Selon certaines sources, la fondation Fourtou aurait en outre acheté moult actions Vivendi en Bourse. Mais il est quasiment impossible de le savoir. En effet, l'information ne figure pas dans le rapport annuel, et Vivendi n'a pas voulu répondre sur ce point. En outre, la fondation Fourtou n'est pas tenue de déposer ses comptes à la préfecture, ni de les publier. L'Institut de France, seul à y avoir accès, indique ne pouvoir les communiquer qu'avec l'autorisation de la famille Fourtou...

Fourtou blanchi par l'AMF

Enfin, rappelons que la souscription des ORA par la famille Fourtou avait donné lieu à une enquête de l'AMF, qui soupçonnait un délit d'initié. En effet, en tant que patron du groupe, il disposait évidemment d'informations sur les acquisitions et cessions en cours.

Fin 2004, à la fin de l'instruction, le grief suivant avait été notifié par l'AMF: "Il est reproché à M. Fourtou, d’avoir souscrit et fait souscrire à un total de 1,6 million d'ORA pour un total de 19,9 millions d’euros, alors qu’il aurait disposé d’informations privilégiées sur les très grandes chances que Vivendi puisse prochainement monter au capital de Cegetel, ainsi que sur une offre d’achat de certains actifs américains de Vivendi faite par Marvin Davis".

Mais deux ans plus tard, l'AMF décidera finalement de mettre hors de cause Jean-René Fourtou.

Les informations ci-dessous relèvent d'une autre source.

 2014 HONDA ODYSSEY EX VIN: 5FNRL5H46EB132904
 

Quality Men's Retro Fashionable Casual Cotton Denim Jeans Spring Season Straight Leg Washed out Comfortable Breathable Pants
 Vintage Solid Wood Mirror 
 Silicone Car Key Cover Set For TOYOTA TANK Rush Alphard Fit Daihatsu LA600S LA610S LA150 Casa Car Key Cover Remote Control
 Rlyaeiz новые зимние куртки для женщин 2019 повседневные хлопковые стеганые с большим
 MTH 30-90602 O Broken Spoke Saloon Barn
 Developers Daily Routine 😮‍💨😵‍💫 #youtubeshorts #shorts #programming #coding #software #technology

Dans sa décision (téléchargeable ci-contre), le gendarme de la Bourse explique que les textes en vigueur à la date des faits (2002) ne permettaient pas de condamner un éventuel délit d'initié. En effet, à l'époque, le réglement sur les délits d'initiés ne s’appliquait qu'aux produits financiers qui se négociaient sur un marché réglementé. Or, les faits se sont produits juste avant l'émission des ORA, et donc avant toute négociation des ORA sur un marché.

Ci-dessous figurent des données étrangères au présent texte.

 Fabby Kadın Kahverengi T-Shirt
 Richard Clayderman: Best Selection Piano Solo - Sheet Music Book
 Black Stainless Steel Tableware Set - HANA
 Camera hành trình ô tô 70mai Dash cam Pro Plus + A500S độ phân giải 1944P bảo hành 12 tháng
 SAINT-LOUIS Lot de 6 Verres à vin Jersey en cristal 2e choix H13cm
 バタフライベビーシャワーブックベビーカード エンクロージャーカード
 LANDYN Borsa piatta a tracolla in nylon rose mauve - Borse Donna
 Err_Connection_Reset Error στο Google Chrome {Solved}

Pour combler ce vide juridique, l'AMF élargira en 2004 son réglement sur les délits d'initiés pour inclure les produits financiers pour lesquels a "été présentée une demande d’admission à la négociation sur un marché réglementé". Parallèlement, l’Appac (Association des petits porteurs actifs) avait aussi porté plainte sur les ORA de la famille Fourtou, mais l'association indique que cette plainte a été classée sans suite.